The seniors' exemption has upper limits on income - i.e., you don't get it if you earn too much - but so far as I know it doesn't have lower limits. If the town is saying that they're denying the exemption because of your parents' income, then it's possible that the county thinks your parents aren't reporting all of their income. The fact that the property was partly used for commercial purposes might have a bearing on the amount of the exemption, but since you didn't say that the notice said anything about that it's probably not the main cause for denying the exemption.
I would suggest that you check with a competent local tax professional who has experience grieving local property taxes. He or she should be able to give you a solid answer you can rely on (never count on answers you get online for free) and may be able to help your parents re-apply for the exemption and prove to the town that they're in fact entitled to the exemption.

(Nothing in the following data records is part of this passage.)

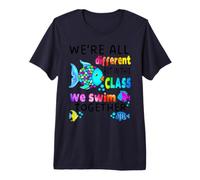 We're All Different But in This Class We Swim Teacher Noir T-Shirt Haut de Gamme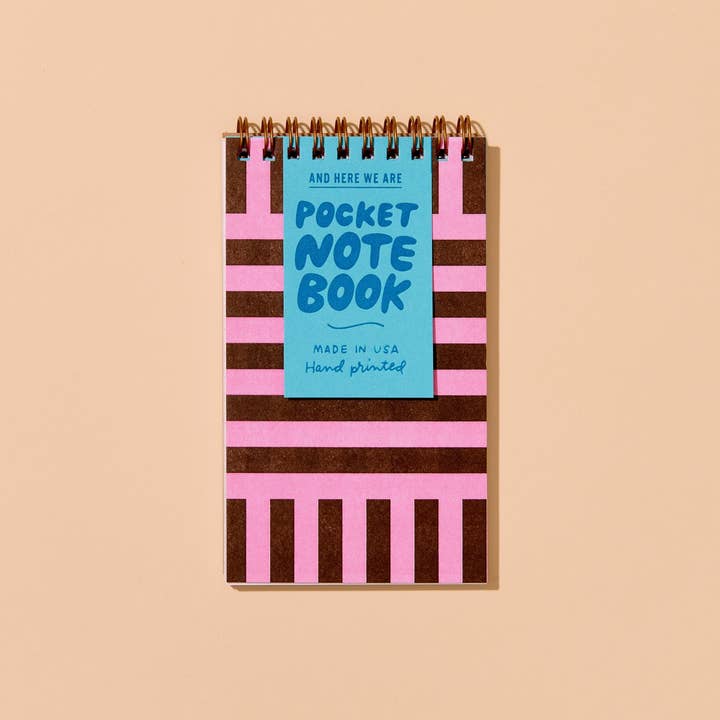 Riviera Letterpress Pocket-size Spiral Notebook - Made in USA - Modern Stripe - - Stocking stuffer, Holiday, Gift Guide for wholesale by And Here We Are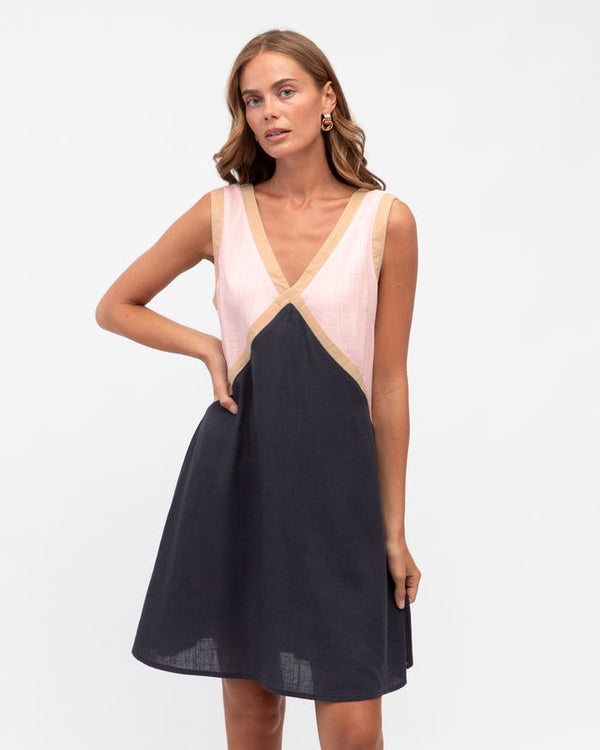 Contrasted Mini Dress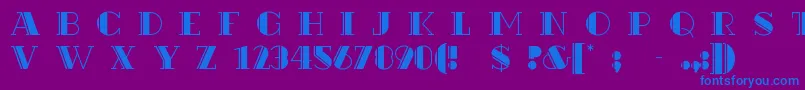 Rialto-Schriftart – Blaue Schriften auf violettem Hintergrund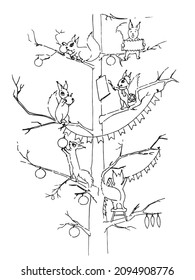 Childrens funny vector illustration for coloring. Squirrels decorate the tree, sing, paint, hang garlands. New Year's decor, postcard, poster 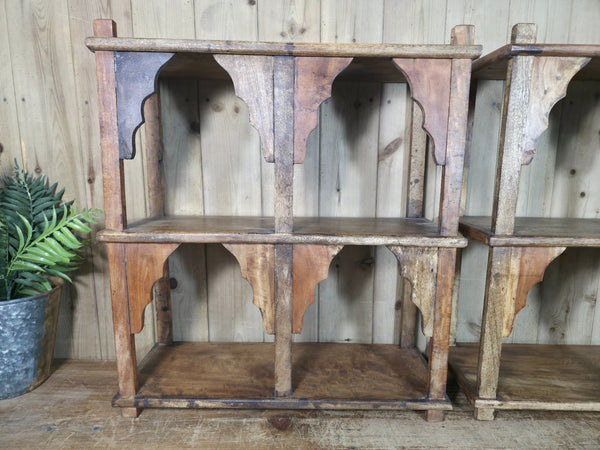 Vintage Reclaimed Indian Solid Wooded Arched Temple Wall Display Shelf Shelves
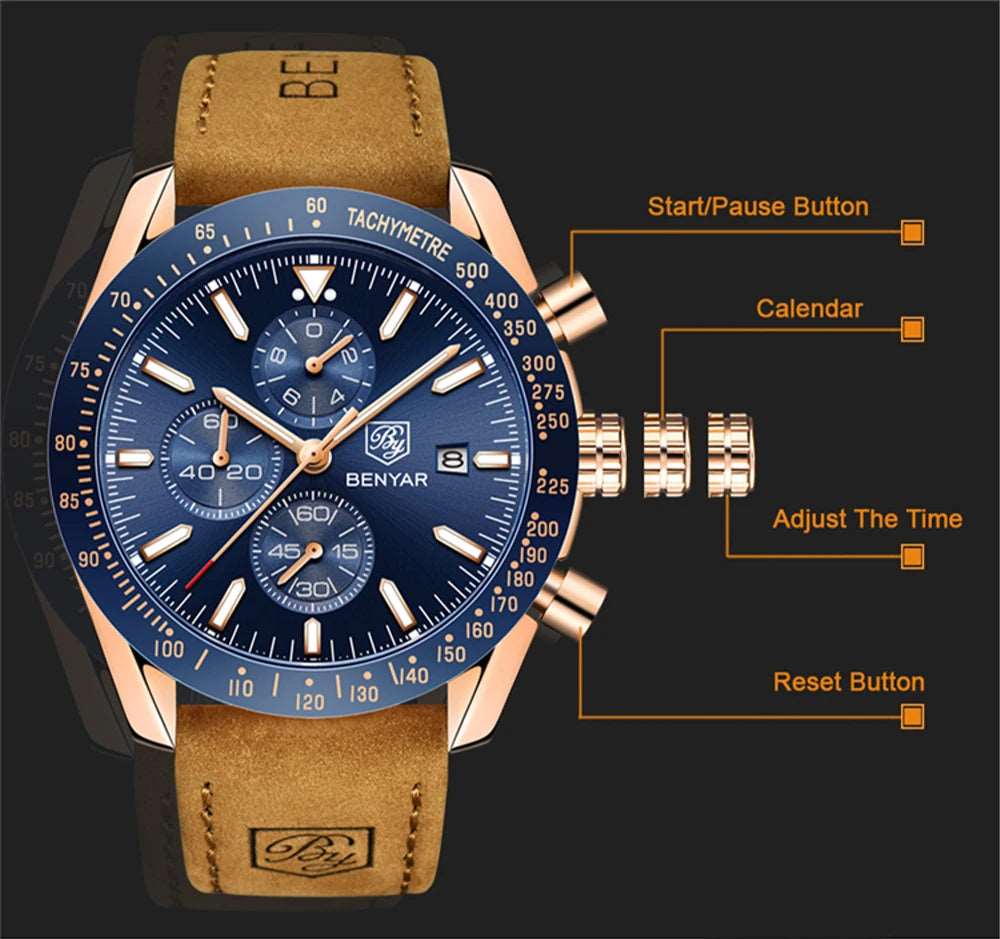 BENYAR Quartz Luxury Casual Waterproof Sports Watch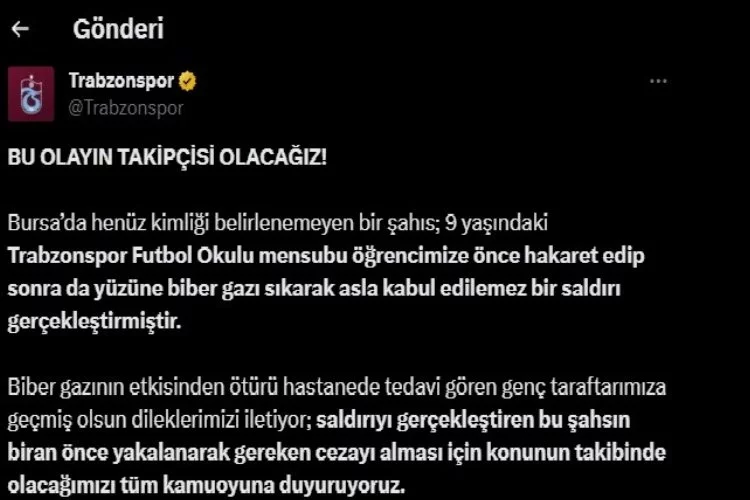 Trabzonspor’dan minik sporcuya destek: “Bu olayın takipçisi olacağız”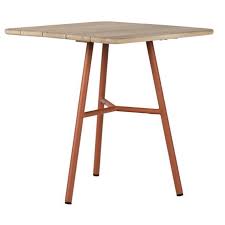 Max&Luuk Arda tafel 70x70x76 cm aluminium linen/teak aged finish -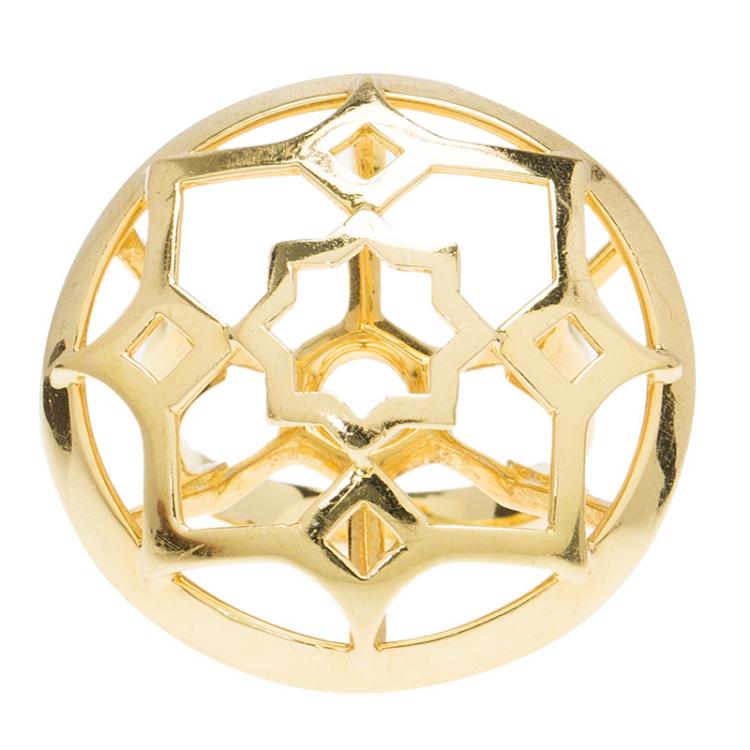 Pre Owned Tiffany & Co. Paloma Picasso Marrakesh Large Open Dome 18k Gold Ring Size 50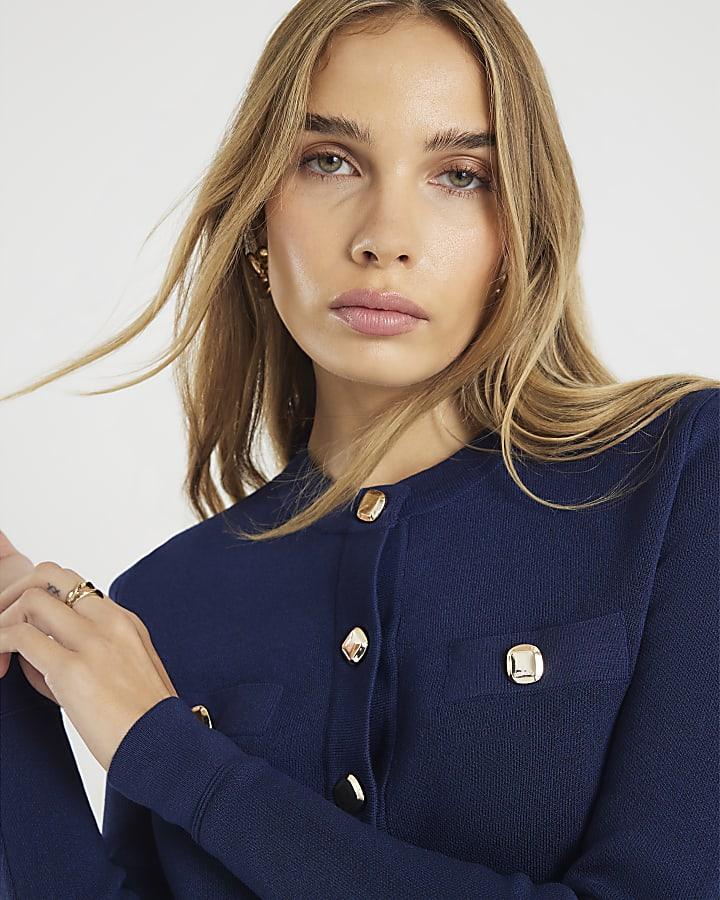 River Island Navy Fitted Pocket Detail Cardigan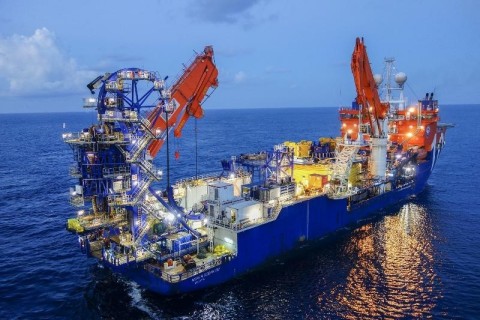 McDermott’s subsea construction vessel, North Ocean 102, is expected to transport and install 30 miles of umbilicals and associated flying leads in up to 7,200 feet of water. (Photo: Business Wire)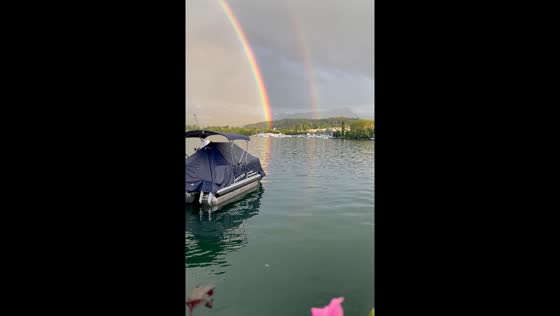 Double rainbow captured in Lucerne, Switzerland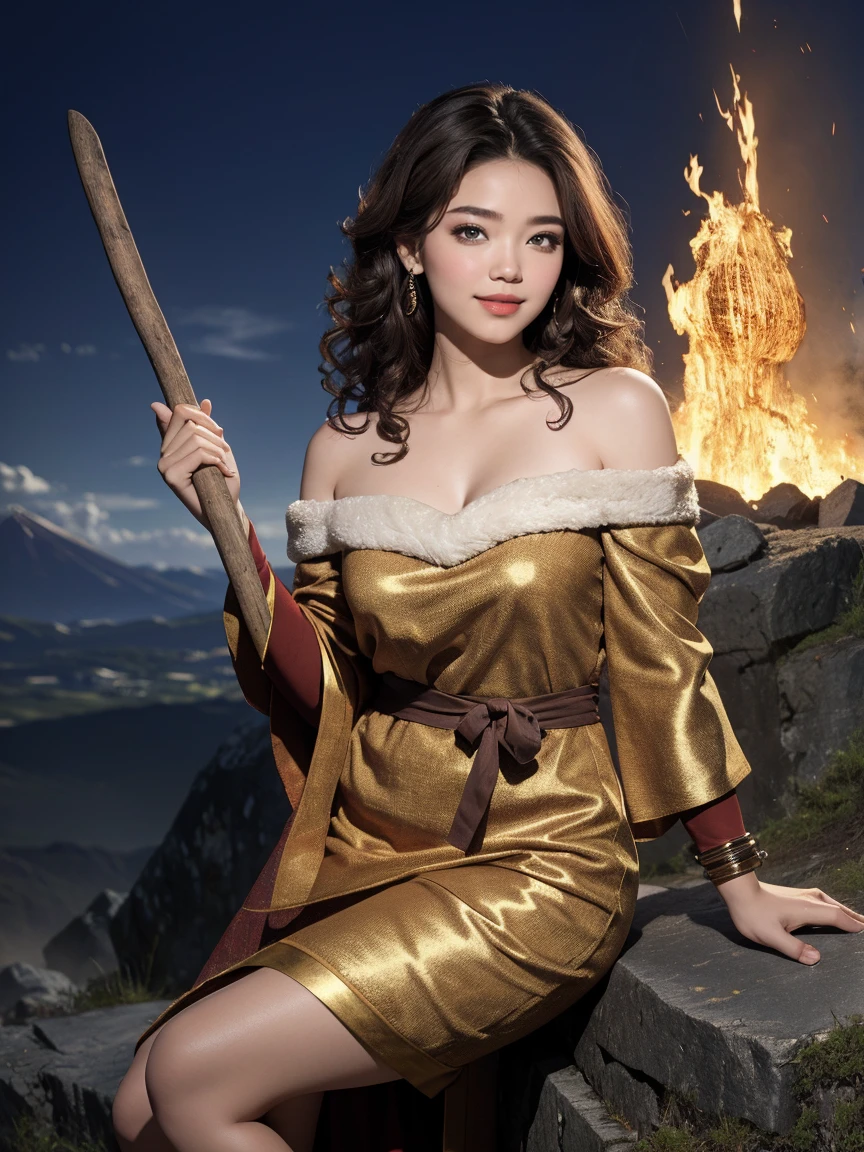 highest quality、masterpiece、ultra high resolution、(realistic:1.4)、Beautiful woman、Take a full body photo、beautiful eyes and skin details、smile、brown curly hair、fur one shoulder cloth scrap、holding a stone ax、Volcano erupts in the background、fighting dinosaurs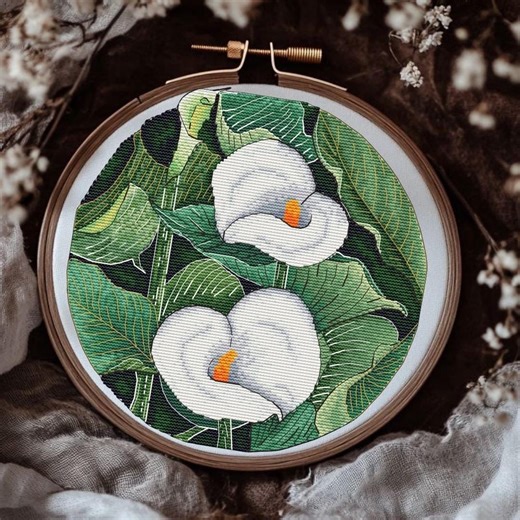 Calla Lilies Cross Stitch Pattern: Floral Embroidery Design (PDF Download - Etsy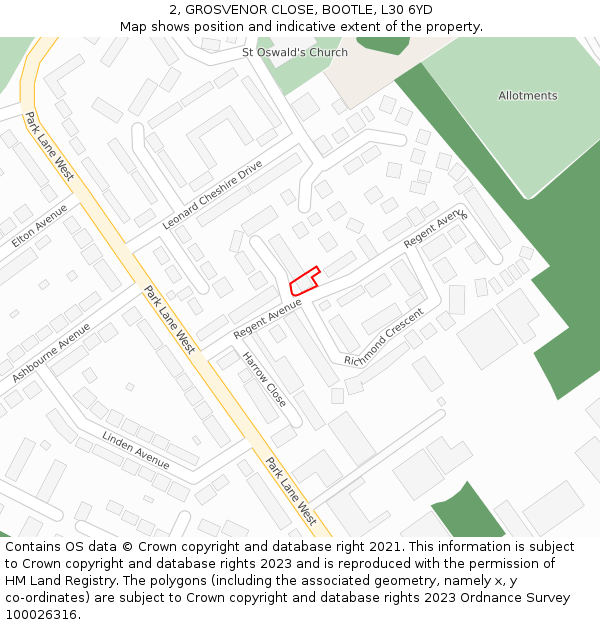 2, GROSVENOR CLOSE, BOOTLE, L30 6YD: Location map and indicative extent of plot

My answer does not constitute legal advice and may not be relied upon by anyone for any purpose and does not constitute an attorney/client relationship or an offer to form such a relationship. This disclaimer is intended to be fully compliant with the requirements of Treasury Department Circular 230 and the terms thereof are fully incorporated by reference. If you wish to consult with me please contact me at dana@nytaxcounsel or visit my website at www.nytaxcounsel.com
The exemption is awarded on an annual basis. In order to sue the Town, your mother needs to apply this year, and if denied, she has the right to an administrative appeal, and then to go to court. It sounds like she qualifies.